Line by line, repeat the material below exactly and leave the images out.
=-=-=
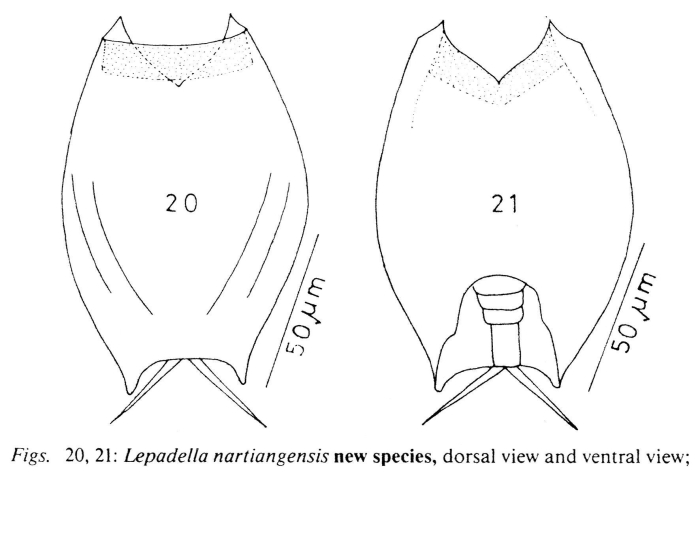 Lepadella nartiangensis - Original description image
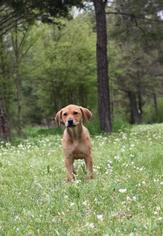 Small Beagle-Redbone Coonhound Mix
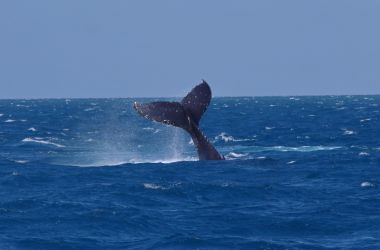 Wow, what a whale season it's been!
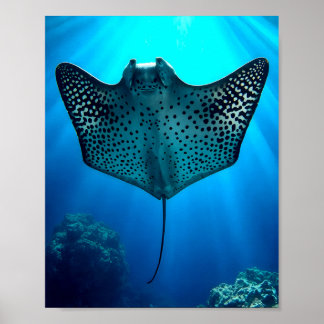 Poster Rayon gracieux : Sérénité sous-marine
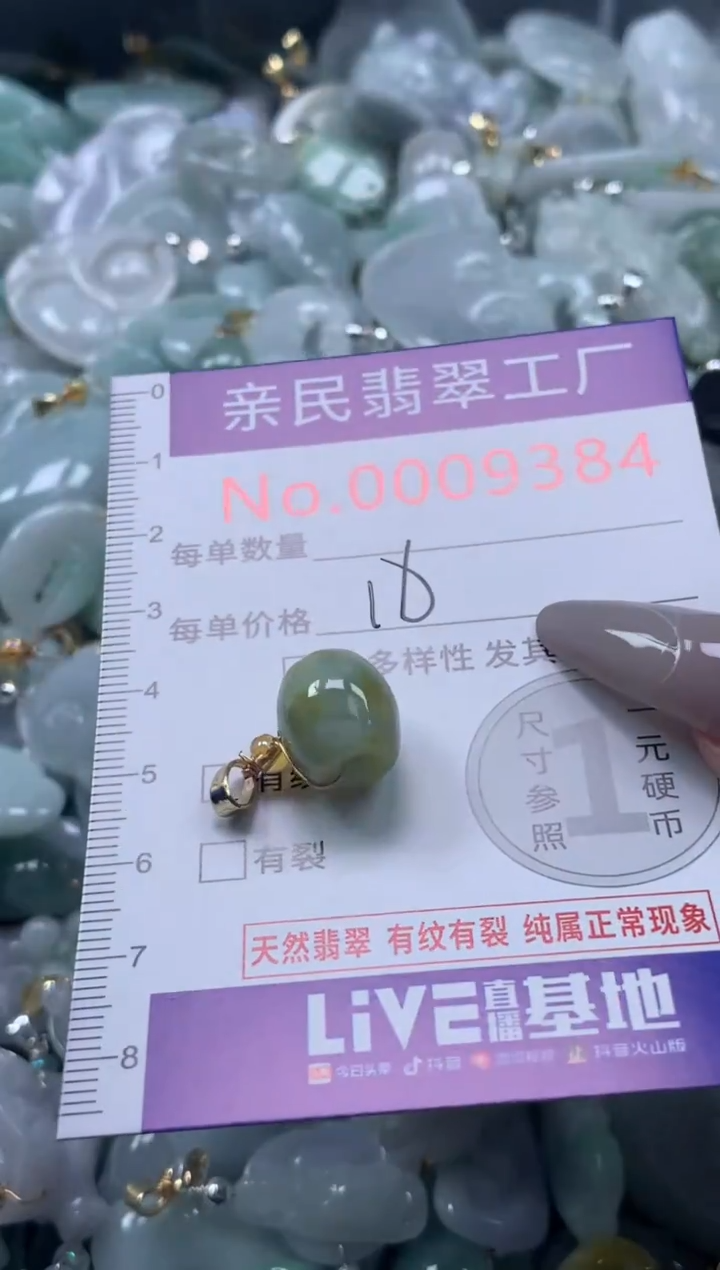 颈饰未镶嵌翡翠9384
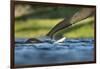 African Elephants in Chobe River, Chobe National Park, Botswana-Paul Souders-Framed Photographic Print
=-=-=
§ Task answer:
 Lepadella nartiangensis - Original description image
 Small Beagle-Redbone Coonhound Mix
 Wow, what a whale season it's been!
 Poster Rayon gracieux : Sérénité sous-marine
 颈饰未镶嵌翡翠9384
 African Elephants in Chobe River, Chobe National Park, Botswana-Paul Souders-Framed Photographic Print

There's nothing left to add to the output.